19 stops to you. “Approaching Potomac.” 18. 18 stops to you. Your icy, glass eyes. 10 minutes late but you, you are 15. 15 minutes late.
I imagine we will kiss on the bridge, much like the night before. $100 on my ring, $100 on yours. I’ll buy the crazy dress from the shop on the way to the station. We will celebrate on my grandfather’s farm, long since state property and the home to hundreds of weddings.
“Approaching Coast.” 12 stops. 12 stops till I meet you in the dark, icy “T” station and hand you back your sweatshirt. 12 stops until I jump the train back home, outbound.
“Approaching Fallowfield.” 11 stops. Halfway between fairytale and losing a friend.
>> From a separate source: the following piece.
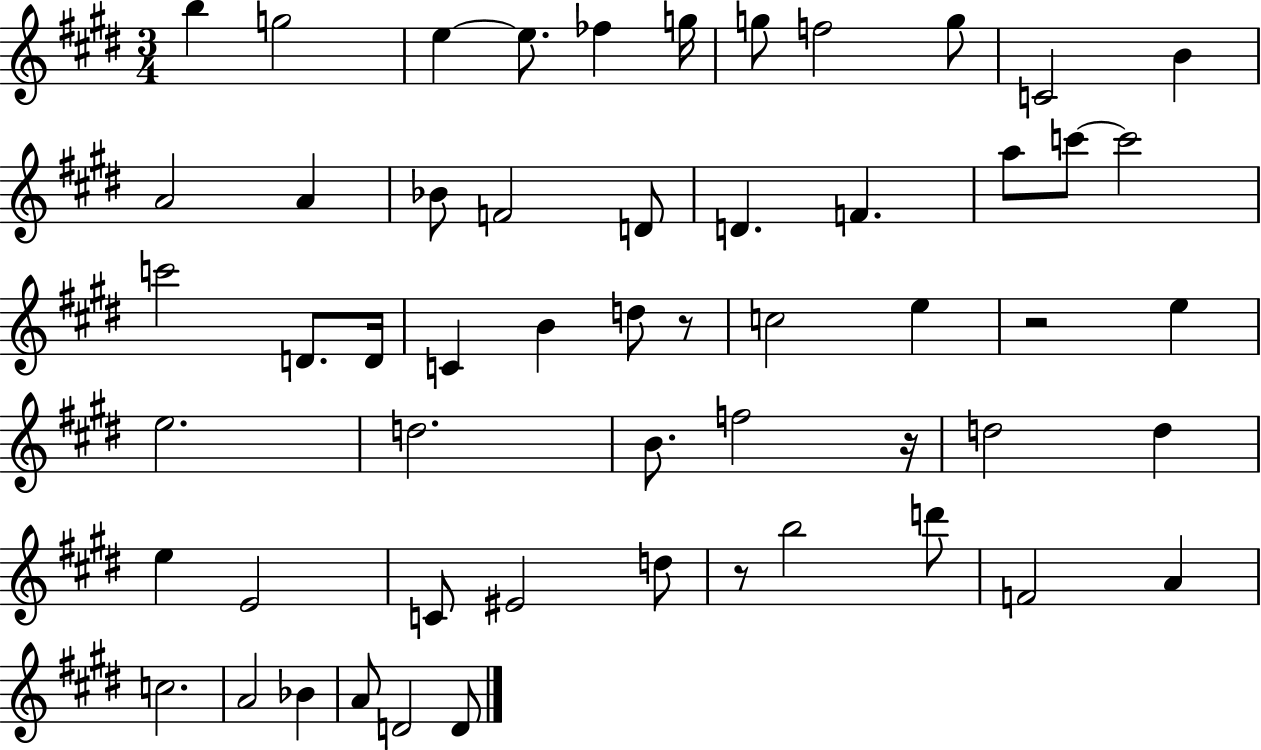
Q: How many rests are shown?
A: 4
I blame this on you. If it weren’t for you I wouldn’t have hung honey off of my tongue. Wouldn’t have started this madness that has left me exhausted and numb, heading in bound on a trip destined for failure before it was ever conceived.
An old man sits down in front of me. The smell of old cigarettes wafts across the ways. He gets off as quickly as he enters, a figment of my drunken disillusions.
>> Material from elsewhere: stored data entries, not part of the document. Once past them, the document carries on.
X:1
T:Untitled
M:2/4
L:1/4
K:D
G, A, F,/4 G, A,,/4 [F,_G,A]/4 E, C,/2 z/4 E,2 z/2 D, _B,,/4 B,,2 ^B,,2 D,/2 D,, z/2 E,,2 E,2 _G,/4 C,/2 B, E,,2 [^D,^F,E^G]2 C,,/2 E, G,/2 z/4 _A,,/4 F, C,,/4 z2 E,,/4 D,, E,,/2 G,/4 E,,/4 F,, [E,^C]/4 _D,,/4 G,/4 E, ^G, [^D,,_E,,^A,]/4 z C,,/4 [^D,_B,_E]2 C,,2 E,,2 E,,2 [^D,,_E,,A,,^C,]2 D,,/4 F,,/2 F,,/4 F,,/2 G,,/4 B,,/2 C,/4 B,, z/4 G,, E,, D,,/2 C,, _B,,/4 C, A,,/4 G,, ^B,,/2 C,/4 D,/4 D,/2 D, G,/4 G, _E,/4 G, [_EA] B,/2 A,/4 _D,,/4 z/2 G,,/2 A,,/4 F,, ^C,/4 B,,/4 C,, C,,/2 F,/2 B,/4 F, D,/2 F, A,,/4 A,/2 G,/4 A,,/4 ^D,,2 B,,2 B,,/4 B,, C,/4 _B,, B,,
“Approaching Station Square.” Four stops to you. My drunkeness giving way to slow, mind consuming exhaustion. I die to taste your lips upon mine once more, feel your body lifting through your clothes and pressing against mine.
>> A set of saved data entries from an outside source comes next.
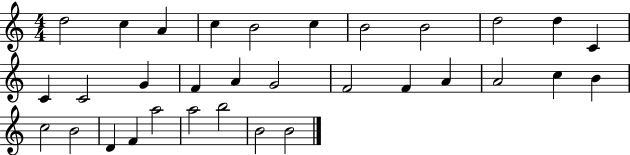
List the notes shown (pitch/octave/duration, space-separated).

D5/h C5/q A4/q C5/q B4/h C5/q B4/h B4/h D5/h D5/q C4/q C4/q C4/h G4/q F4/q A4/q G4/h F4/h F4/q A4/q A4/h C5/q B4/q C5/h B4/h D4/q F4/q A5/h A5/h B5/h B4/h B4/h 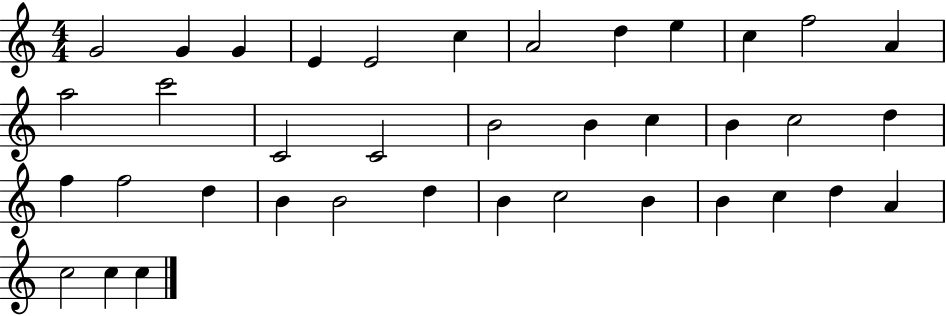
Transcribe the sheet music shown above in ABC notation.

X:1
T:Untitled
M:4/4
L:1/4
K:C
G2 G G E E2 c A2 d e c f2 A a2 c'2 C2 C2 B2 B c B c2 d f f2 d B B2 d B c2 B B c d A c2 c c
First Avenue and two. Steel Plaza and one. The driver bids good night to the patron exiting, dressed in black. The city is lit in the backdrop, lights pooling across the top of the water. We dissapear underground and all is lost to me.
“Approaching Wood Street.”
Notes: I’m not entirely sure who this was written about, it’s followed by a rough match stick figure study for what I was calling “The Red Coat” at the time. This was later renamed “The Whore” Which is above. I’ll try to get these scanned and posted. Looking further ahead in the journal, it may be from my relationship with a leprechaun.
02-05-09
Isabella Street: Boy Owner
I stood int eh bookstore today biting my lip. I staired at the shelf in front of me, shifting my weight from on leg to the other. My eyes rolled along the vertical titles under the brown sign that read “Relationships.” I stared through squinted eyes, anxiety building, looking for the illusive guide on how to care for a boy. They had guides for dog owners, cat owners, and fish owners. How to water, feed and groom. I figured someone, somewhere had to have one on boys. Extremely skittish, I turned on my heel and headed towards the man of my life, of the hour, Kerouac–an isle which made me extremely less nauseated.